Effects of the Invention
[0032] A processor performance analysis device according to an
aspect of the present invention can evaluate processor performance
taking into consideration with influences of memory access
operations of functional cores other than processors included in a
system LSI. Further, analysis of performance bottleneck can be
easily performed, which facilitates performance improvement with
modification of software and hardware.
BRIEF DESCRIPTION OF DRAWINGS
[0033] FIG. 1 is a block diagram of a system LSI which includes a
processor performance analysis device according to Embodiment
1.
[0034] FIG. 2 is a flowchart showing operations of the processor
performance analysis device according to Embodiment 1.
[0035] FIG. 3 is a block diagram of a system LSI which includes a
processor performance analysis device according to Embodiment
2.
[0036] FIG. 4 is a flowchart showing operations of the processor
performance analysis device according to Embodiment 2.
[0037] FIG. 5 is a block diagram of a system LSI which includes a
processor performance analysis device according to Embodiment
3.
[0038] FIG. 6 is a flowchart showing operations of the processor
performance analysis device according to Embodiment 3.
[0039] FIG. 7 is a block diagram of a system LSI which includes
multiple multithreaded processors.
[0040] FIG. 8 is a block diagram of a conventional processor
performance analysis device.
NUMERICAL REFERENCES
[0041] 10 System LSI [0042] 11 Multithreaded processor [0043] 12
Functional core [0044] 13 Memory interface [0045] 20, 40 Memory
[0046] 30 Computer [0047] 100, 200, 300 Processor performance
analysis device [0048] 101 Operational information output unit
[0049] 102 Access attribute information output unit [0050] 103
Access information output unit [0051] 104, 204, 304 Analysis
information output unit [0052] 201 Trigger output unit [0053] 301
IO bus access attribute information output unit [0054] 401
Instruction unit [0055] 402 Arithmetic unit [0056] 403 Primary
cache unit [0057] 404 Secondary cache unit [0058] 405 Secondary
cache [0059] 406 External access unit
BEST MODE FOR CARRYING OUT THE INVENTION
[0060] Hereinafter, embodiments of the present invention are
described with reference to the drawings.
Embodiment 1
[0061] First, a configuration of a system LSI which includes a
processor performance analysis device according to the present
embodiment is described.
[0062] FIG. 1 is a block diagram of a system LSI which includes a
processor performance analysis device according to the present
embodiment.

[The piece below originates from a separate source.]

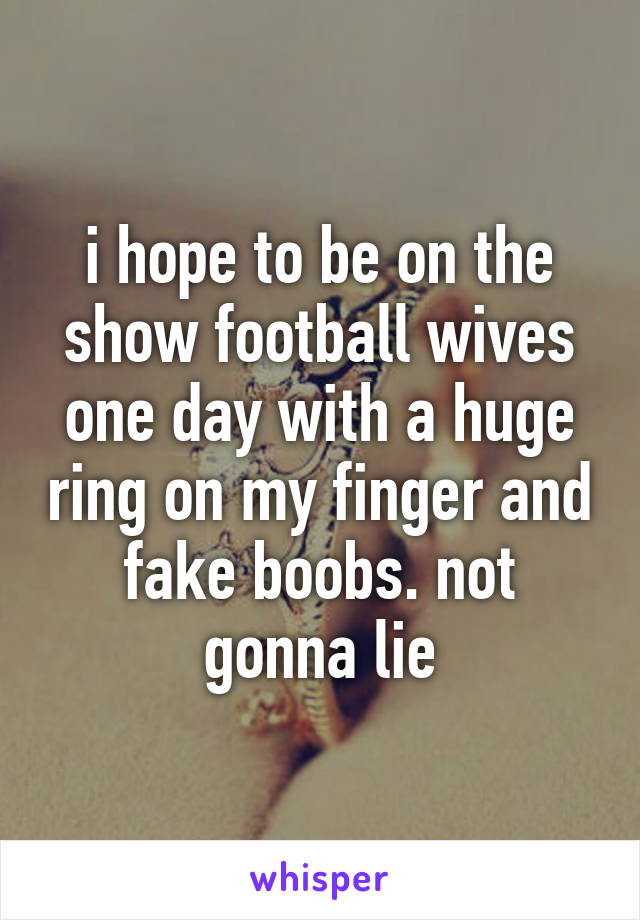 i hope to be on the show football wives one day with a huge ring on my finger and fake boobs. not gonna lie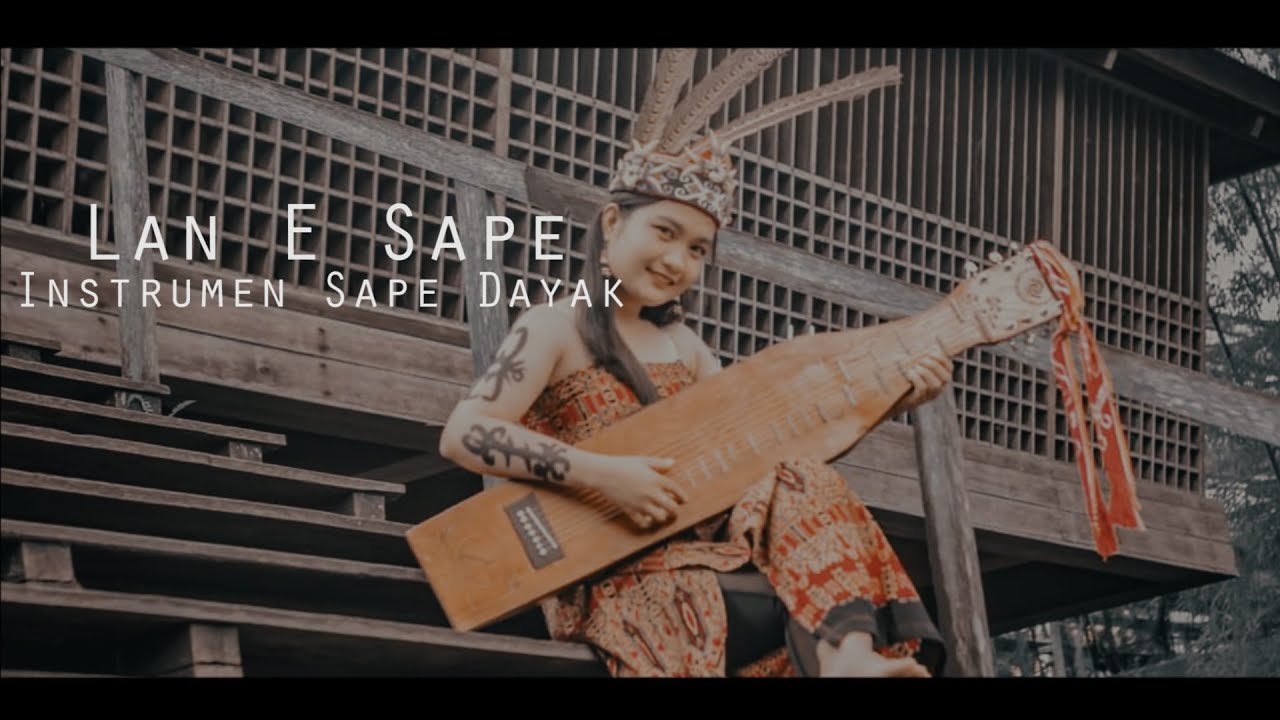 INSTRUMEN SAPE MERDU PENENANG JIWA (LAN E SAPE) | TRADITIONAL MUSIC BORNEO SAPE INSTRUMENT RELAXING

A system LSI 10 includes a multithreaded processor 11,
functional cores 12, and a memory interface 13.
[0063] The multithreaded processor 11 includes multiple logical
processors (LPs), and can execute multiple programs simultaneously
and in parallel using the logical processors. Further, when
executing the programs, where necessary, the multithreaded
processor 11 issues a memory access request to access to a memory
20 to write or read instructions or data to or from the memory 20.
The multithreaded processor 11 includes a primary cache, a
secondary cache, a TLB (not shown) and the like. The multithreaded
processor 11 issues a memory access request to access to the memory
20, for example, when a prefetch or a cache miss occurs. The memory
access request is issued by each logical processor.

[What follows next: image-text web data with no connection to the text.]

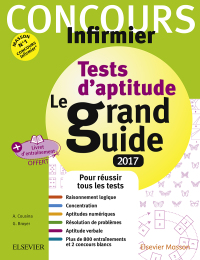 Cover image: Concours Infirmier - Tests d'aptitude Le grand guide - IFSI 2017 6th edition 9782294752278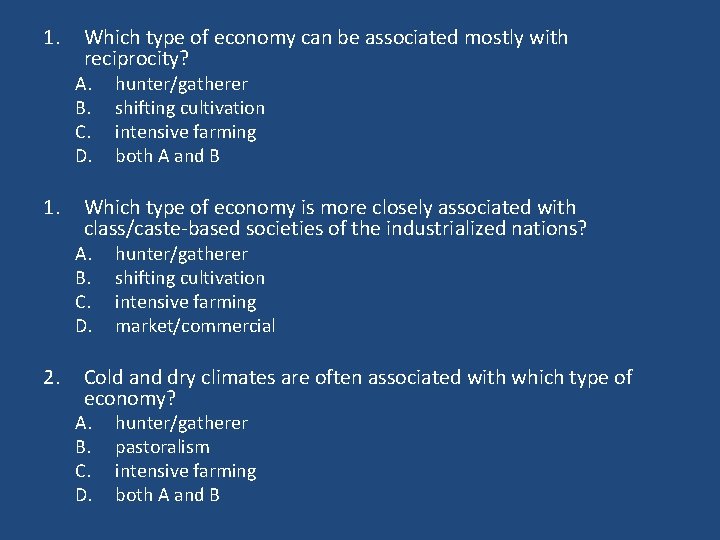 1. Which type of economy can be associated mostly with reciprocity? A. B. C.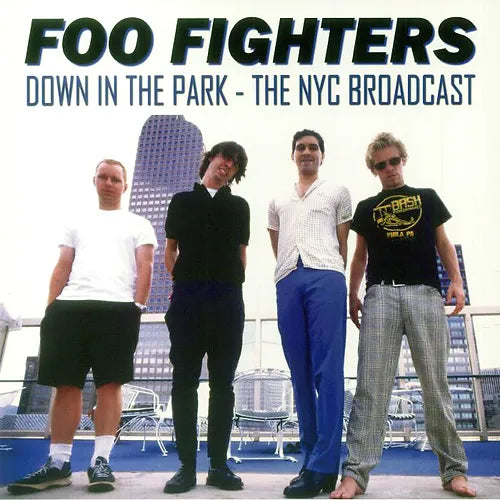 FOO FIGHTERS LP Down In The Park -The Nyc Broadcast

[0064] The functional cores 12 are multiple functional cores which
execute processing different from that of the multithreaded
processor 11, and issue memory access requests to access to the
memory 20. Examples of the functional cores 12 include a DMA
controller, an interface circuit to an external device, audio
visual (AV) codec circuit which compresses or expands content data
of music and video, and an encryption and decryption circuit which
encrypts and decrypts data. Examples of the interface circuit to an
external device include a PCI interface and a universal serial bus
(USB) interface. A
[0065] DMA controller which is one of the functional cores 12
controls access between each functional core 12 and the memory 20.
It is to be noted that the number of the functional cores 12 does
not always have to be multiple.
[0066] The memory interface 13 receives the memory access requests
to access to the memory 20 that are issued by the multithreaded
processor 11 and the functional cores 12. The memory interface 13
adjusts the received memory access requests to control access to
the memory 20.
[0067] Next, configuration of the processor performance analysis
device according to the present embodiment is described.
[0068] The processor performance analysis device according to the
present embodiment analyses the operating state of the
multithreaded processor 11 included in the system LSI 10 and the
status of the memory access from the multithreaded processor 11 and
the functional cores 12.
[0069] FIG. 1 also shows the configuration of the processor
performance analysis device according to the present embodiment. A
processor performance analysis device 100 in FIG. 1 includes an
operational information output unit 101, an access attribute
information output unit 102, an access information output unit 103,
and an analysis information output unit 104. As shown in FIG. 1,
the operational information output unit 101 and the access
attribute information output unit 102 are included in the
multithreaded processor 11. Further, the access information output
unit 103 is included in the memory interface 13.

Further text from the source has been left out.